Bias in AI Systems

Artificial Intelligence (AI) is revolutionizing the way we look at decision-making which is more traditionally attributed to human experience, expertise and judgement. Smart systems developed using AI come with processing speeds and capacities that far surpass those of humans. Machine Learning is a highly data-driven pattern recognition approach which tries to deduce why certain actions were executed across a wide range of data points in the training samples. When we look at automating loan sanctions, credit scores or passing on a law judgement, they take into account factors other than prior criminal records such as poverty, joblessness and social marginalization. But these systems come with a catch. Though they have unparalleled processing capacities, these systems do not always provide us with reliable results. Since AI models are created and trained by humans, they are bound to mimic some of the biases and prejudices that we humans carry. These discrepancies generally occur due to biased datasets as AI models are only as good as the data they are fed with which lead to higher error rates and biased decision making, even when the underlying algorithm is sound. Let us look at how bad training datasets give rise to biased judgements.

Use of risk assessments scores is becoming more and more common at every stage of criminal justice proceedings in the US. These scores predicted the likelihood of each felon from committing a future crime. While computing these scores, the computer algorithm was more likely to falsely flag black defendants as future criminals at almost twice the rate as white defendants. White defendants were mislabeled as low risk more often than black defendants. On the basis of these risk assessments, black defendants are condemned to much harsher sentences as opposed to their white counterparts. Even when we consider factors such as poverty, economic stability and social marginalization, blacks are shown in a negative light. According to the research conducted by the Pew Research Center, on average, blacks are at least twice as likely as whites to be poor or unemployed. And in terms of their median net worth, white households are about 13 times as wealthy as black households - a gap that has been growing wider since the Great Depression. Another factor we need to consider is unequal pay. According to the above-mentioned survey, the income of blacks at all levels of educational attainment lags behind that of their white counterparts. So when the algorithm takes into account the above-mentioned factors, a repeated offender might come out as low risk since he has a job while a drunk guy might come across as high risk just because he’s homeless.
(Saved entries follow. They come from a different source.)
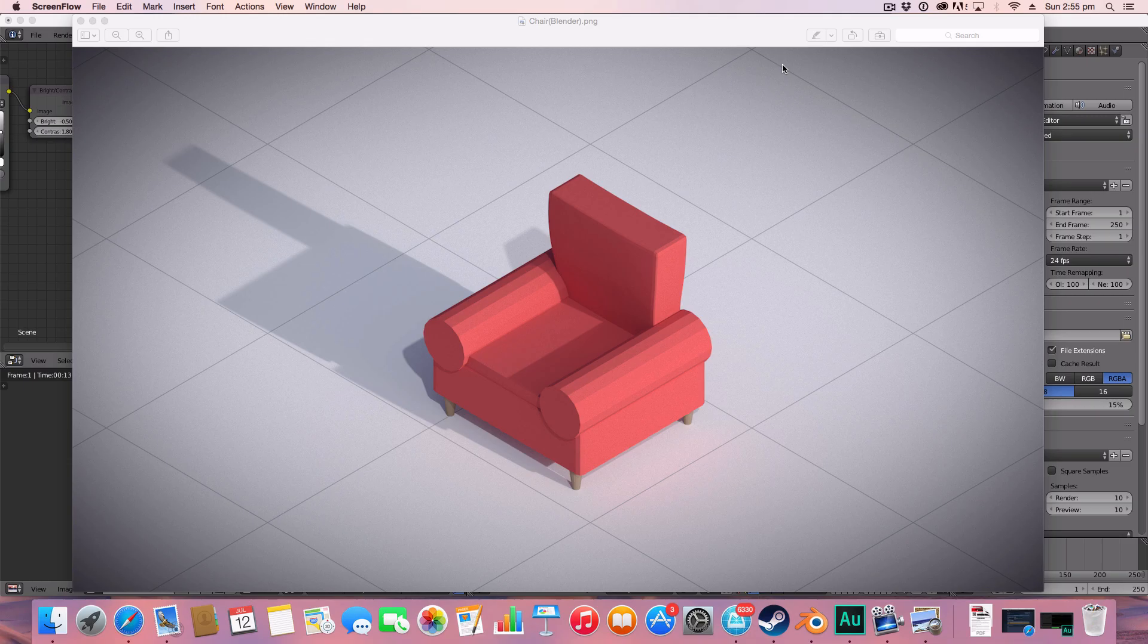Hello ladies and gentlemen, welcome back to another manual graphics tutorial. Today in this tutorial we are not making an armchair.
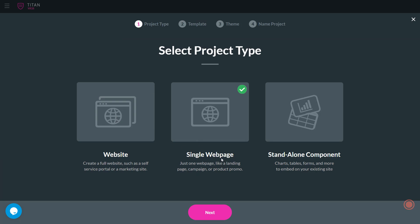This second option, single web page, this is like if you want to create a landing page or a product promotion page, just a standalone page.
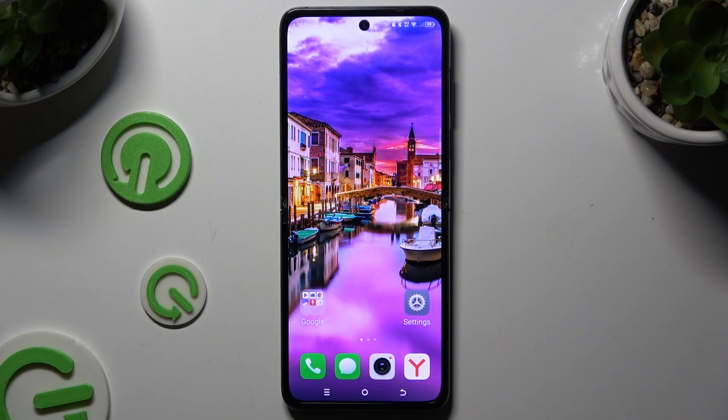In front of me is the Tecno Phantom V Flip, and today I would like to show you how you can operate the Voice Recorder.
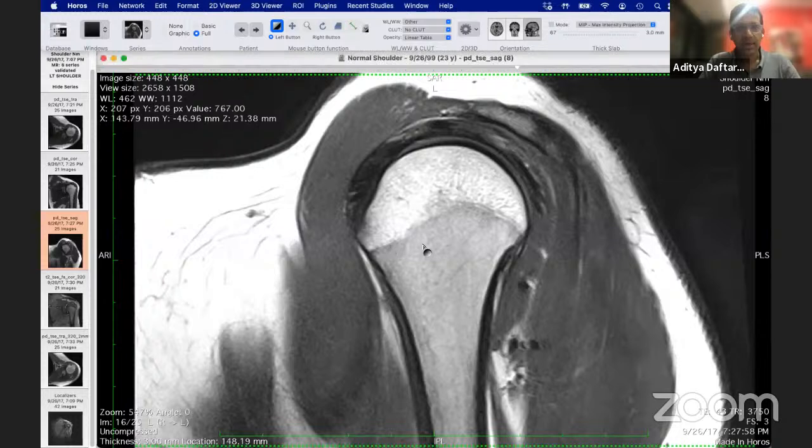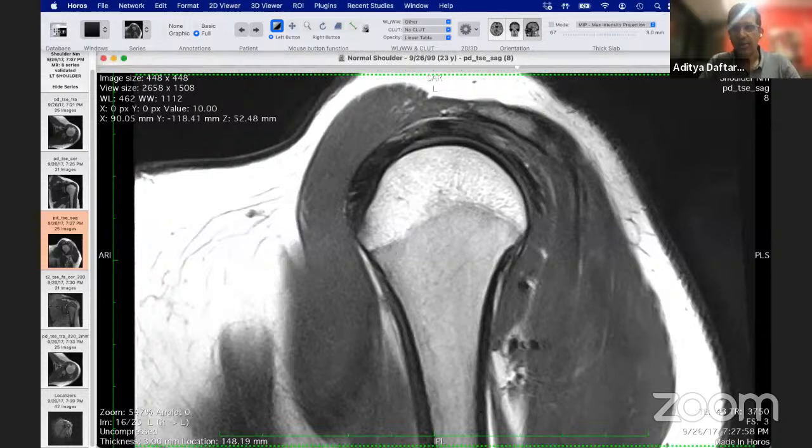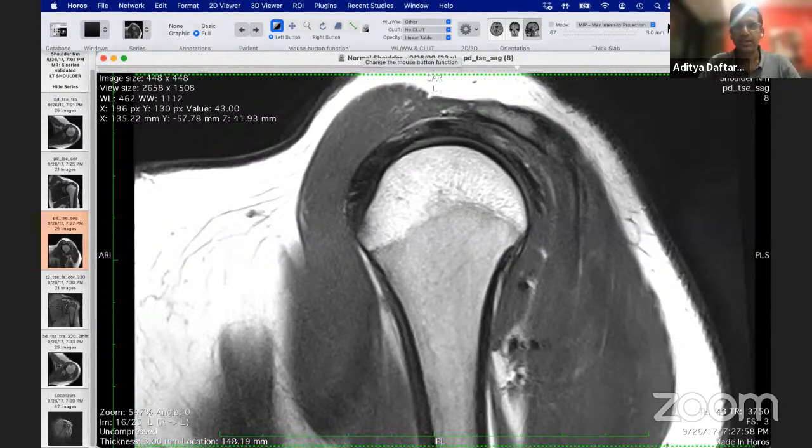We went through the anatomy in the first session. The second session was about the anterior instability-related issues. Today's session is going to focus on the biceps labral junction as well as the remainder of the labrum. I'm going to go ahead and share my screen. What I'm going to start out with, like we did last time, is go through the relevant MR anatomy that we'll be looking at today.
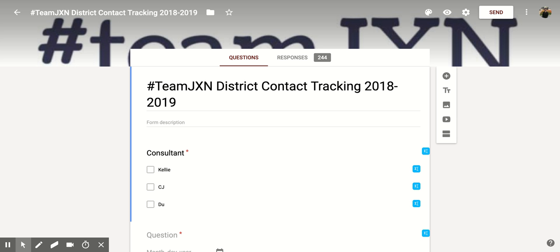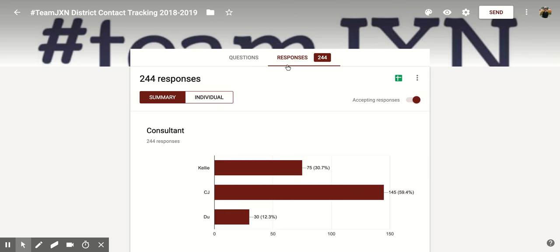Hi everyone, today we're going to be talking about how to check individual responses within Google Forms. So if you have your Google Form open that you want to work with, you're going to go to the top section where you'll notice there are two options: questions and responses. You're going to click on responses and that's going to bring you to this new page.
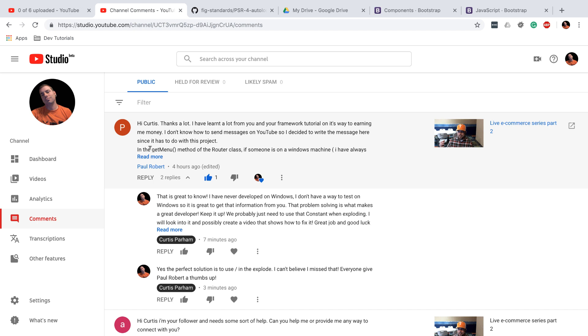He is developing on a Windows machine. I don't develop on a Windows machine, I don't have access to test it, but I wanted to shoot this video because a lot of you have seemed to have this problem.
Gender and racial bias could also cause problems for computer vision models like facial recognition, such as security applications at concerts, airports, and sports arenas, a concern that also extends into the gender binary. If AI sees gender as simply male and female, this doesn’t align with modern perspectives of non-binary and transgender expression, causing potential harm for these communities and loss of faith in digital identity. Studies show that capabilities of facial recognition services are not adequately balanced for gender and skin tone resulting in higher error rates. Results are the most accurate for light-skinned men while dark-skinned women have the highest error rates. In order to increase the accuracy of the facial analysis, we need to use more diverse, inclusive and unbiased training datasets and improve the feature extraction and recognition capabilities of the service. These adjustments to the service demonstrated a nearly ten-fold decrease in error-rate for facial analysis when compared with the previous test set.

Gender bias in online recruitment tools. Amazon has discontinued the use of its recruiting algorithm since the algorithm was derived from the resumes submitted to the company over a decade, which were predominantly from white males. Rather than reviewing the skill sets, the algorithm was taught to recognise word patterns in the resume and these patterns were benchmarked against the company’s predominantly male engineering department to deem an applicant fit for the job. As a result, the AI software penalised the resumes containing the word “women’s” in the text, thereby discrediting the resumes of women who graduated from women’s colleges, resulting in gender bias.

Many of these biases have been there in existence way before data-driven, decision-making models came to surface but infusing the existing biased data with decision making has far more disastrous implications in how we govern our society as the gap will just tend to increase and set us on a journey to an unjust society if these biases aren’t mitigated.

Data Augmentation is also one technique to diversify our dataset and populate it with underrepresented data while training. This will obviously work only when the developer is aware of such biases. To do so, while preprocessing we make data duplicates and diversify the biased factors for the same set of other training features followed by imbalance learning techniques like undersampling and oversampling which will help us create a robust model subject to minimal bias. This helps models to find patterns beyond race, gender, caste etc.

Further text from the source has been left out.